Ramlogan told the Express via telephone yesterday that his legal team is also picking apart Rowley’s statements on and after the Emailgate scandal began to determine where slander may lie.
This would include Rowley’s delivery in the Parliament on May 20, when he, Rowley, presented a series of damning e-mail conversations that he claimed flew between Ramlogan, Prime Minister Kamla Persad-Bissessar and an address for a Local Government minister, which he said implicated the trio in “high crime”, “misbehaviour of public office” and a massive cover-up.
Ramlogan said yesterday: “I have sent a transcript of all Dr Rowley’s speeches to my legal team for them to analyse his statements and identify the defamatory parts.
“I have also retained a Queen’s Counsel to advise on whether the matter should be reported to the Acting Commissioner of Police (Stephen Williams) for an investigation into the offense of criminal libel, to determine if criminal prosecution could be an option.”
Ramlogan said he is also scheduled to meet with those colleagues whose names were mentioned by Rowley in the e-mail scandal, as their “names were maligned and their characters impugned”.

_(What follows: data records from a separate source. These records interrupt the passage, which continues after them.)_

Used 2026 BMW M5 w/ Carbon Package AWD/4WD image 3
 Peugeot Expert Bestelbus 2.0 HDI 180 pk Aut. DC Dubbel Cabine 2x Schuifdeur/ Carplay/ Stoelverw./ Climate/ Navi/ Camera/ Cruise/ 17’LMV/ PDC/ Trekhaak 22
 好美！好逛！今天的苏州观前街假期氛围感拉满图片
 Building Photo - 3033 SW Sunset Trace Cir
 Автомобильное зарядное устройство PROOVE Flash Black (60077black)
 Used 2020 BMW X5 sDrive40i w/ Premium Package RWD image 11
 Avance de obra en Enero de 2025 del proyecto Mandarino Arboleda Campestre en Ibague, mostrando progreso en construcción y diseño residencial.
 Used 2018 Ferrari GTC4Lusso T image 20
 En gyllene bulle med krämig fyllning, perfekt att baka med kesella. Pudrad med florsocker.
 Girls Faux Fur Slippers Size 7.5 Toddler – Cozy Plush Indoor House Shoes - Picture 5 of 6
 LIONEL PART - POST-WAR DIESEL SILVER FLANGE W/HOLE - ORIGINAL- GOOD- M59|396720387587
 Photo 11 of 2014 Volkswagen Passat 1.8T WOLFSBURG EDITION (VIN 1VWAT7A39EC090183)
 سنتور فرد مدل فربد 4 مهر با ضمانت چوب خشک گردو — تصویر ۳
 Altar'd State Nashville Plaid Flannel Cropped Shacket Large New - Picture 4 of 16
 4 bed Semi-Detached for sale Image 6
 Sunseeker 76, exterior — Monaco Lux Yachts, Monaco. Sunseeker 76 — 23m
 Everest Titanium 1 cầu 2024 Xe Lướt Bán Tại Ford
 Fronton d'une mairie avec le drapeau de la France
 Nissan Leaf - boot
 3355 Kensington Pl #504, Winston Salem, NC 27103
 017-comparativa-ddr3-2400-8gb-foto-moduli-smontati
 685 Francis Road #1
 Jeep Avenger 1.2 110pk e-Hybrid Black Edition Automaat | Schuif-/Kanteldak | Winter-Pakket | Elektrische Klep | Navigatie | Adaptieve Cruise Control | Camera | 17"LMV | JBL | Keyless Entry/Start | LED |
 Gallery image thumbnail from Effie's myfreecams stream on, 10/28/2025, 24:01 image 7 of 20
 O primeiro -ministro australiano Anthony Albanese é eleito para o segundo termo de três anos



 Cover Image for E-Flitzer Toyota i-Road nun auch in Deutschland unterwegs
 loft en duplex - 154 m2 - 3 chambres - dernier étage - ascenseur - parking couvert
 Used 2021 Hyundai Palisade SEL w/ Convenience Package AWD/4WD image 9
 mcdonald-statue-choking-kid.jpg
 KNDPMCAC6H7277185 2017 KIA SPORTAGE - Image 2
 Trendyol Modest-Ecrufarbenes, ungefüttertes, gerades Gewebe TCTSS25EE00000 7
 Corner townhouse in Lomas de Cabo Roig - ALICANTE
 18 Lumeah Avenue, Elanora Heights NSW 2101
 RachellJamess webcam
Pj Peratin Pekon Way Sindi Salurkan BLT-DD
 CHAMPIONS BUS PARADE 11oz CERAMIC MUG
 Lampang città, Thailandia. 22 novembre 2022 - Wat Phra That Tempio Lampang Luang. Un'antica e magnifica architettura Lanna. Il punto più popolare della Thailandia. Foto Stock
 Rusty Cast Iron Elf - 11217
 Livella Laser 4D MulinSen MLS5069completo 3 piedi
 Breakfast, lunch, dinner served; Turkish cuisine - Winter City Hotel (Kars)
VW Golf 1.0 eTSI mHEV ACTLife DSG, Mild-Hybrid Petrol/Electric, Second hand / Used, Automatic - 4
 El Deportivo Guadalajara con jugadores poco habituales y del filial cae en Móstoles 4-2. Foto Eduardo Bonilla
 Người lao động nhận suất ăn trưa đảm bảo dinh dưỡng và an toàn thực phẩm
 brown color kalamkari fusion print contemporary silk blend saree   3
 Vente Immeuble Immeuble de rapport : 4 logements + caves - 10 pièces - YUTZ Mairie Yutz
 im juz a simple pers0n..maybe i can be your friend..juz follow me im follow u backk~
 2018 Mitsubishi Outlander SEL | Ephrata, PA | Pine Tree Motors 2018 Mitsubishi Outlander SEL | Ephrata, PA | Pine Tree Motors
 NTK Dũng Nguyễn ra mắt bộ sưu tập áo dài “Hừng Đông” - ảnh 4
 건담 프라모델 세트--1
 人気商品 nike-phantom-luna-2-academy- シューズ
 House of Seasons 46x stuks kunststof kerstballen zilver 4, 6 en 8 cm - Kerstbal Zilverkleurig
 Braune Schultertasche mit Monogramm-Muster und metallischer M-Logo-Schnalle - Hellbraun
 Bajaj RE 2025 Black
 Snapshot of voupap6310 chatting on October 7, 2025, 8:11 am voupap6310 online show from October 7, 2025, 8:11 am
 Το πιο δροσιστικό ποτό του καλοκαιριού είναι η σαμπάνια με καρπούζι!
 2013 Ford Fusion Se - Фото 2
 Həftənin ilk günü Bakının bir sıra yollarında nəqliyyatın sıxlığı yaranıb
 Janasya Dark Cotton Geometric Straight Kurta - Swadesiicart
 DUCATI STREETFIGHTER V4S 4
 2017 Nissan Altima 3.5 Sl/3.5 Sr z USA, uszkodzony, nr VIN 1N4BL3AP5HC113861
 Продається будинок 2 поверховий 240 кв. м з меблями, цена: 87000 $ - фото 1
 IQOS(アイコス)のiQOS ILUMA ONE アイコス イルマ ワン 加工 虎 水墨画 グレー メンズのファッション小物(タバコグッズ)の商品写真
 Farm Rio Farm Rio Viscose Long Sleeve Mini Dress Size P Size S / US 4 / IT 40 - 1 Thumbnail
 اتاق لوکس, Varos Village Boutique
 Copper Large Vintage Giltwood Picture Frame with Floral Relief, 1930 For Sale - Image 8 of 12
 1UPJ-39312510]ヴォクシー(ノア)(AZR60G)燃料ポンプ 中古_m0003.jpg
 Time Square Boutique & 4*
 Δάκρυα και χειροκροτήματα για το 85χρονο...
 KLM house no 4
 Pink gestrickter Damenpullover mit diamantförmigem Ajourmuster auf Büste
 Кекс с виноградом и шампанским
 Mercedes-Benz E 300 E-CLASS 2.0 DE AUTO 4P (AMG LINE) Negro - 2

Ramlogan, along with attorney Pamela Elder, SC, on Sunday at a news conference also announced that letters are to be sent to the Integrity Commission, the Director of Public Prosecutions, Roger Gaspard and Acting CoP Williams, calling for maximum action into the scandal.
Those letters have been prepared by Ramlogan’s attorneys and should have been sent out today, he said yesterday.
Elder on Sunday said the Commission had “gone off on a frolic of its own” where its investigation was concerned, as it had asked Google to look into the e-mail account, email@example.com, which was not among those addresses mentioned by Rowley.
The Commission’s investigation should have been limited to the documents presented in the House, Elder said.
In July, 2014, Commission chairman Ken Gordon recused himself from any role in the investigation when it was revealed that he had met privately with Rowley, at his, Gordon’s home, five days before Rowley dropped the e-mail bomb in Parliament.
Following news of the meeting, attorney to the Prime Minister, Israel Khan, wrote to the Commission’s registrar, Martin Farrell, demanding that Gordon be recused.
That call was echoed by slain Senior Counsel Dana Seetahal, who was at the time representing Ramlogan on the matter.
Contacted yesterday, Gordon said the Commission will likely be guided by its attorney from this point.
Ramlogan later said he was “surprised” that Gordon, who was not part of the investigation, had commented.
“I cannot understand how Mr. Gordon is privy to what is going on in this matter in light of the fact that he had disqualified and excused himself,” Ramlogan said.
Director of Public Prosecutions, Roger Gaspard and Acting Commissioner of Police, Stephen Williams, could not be reached yesterday.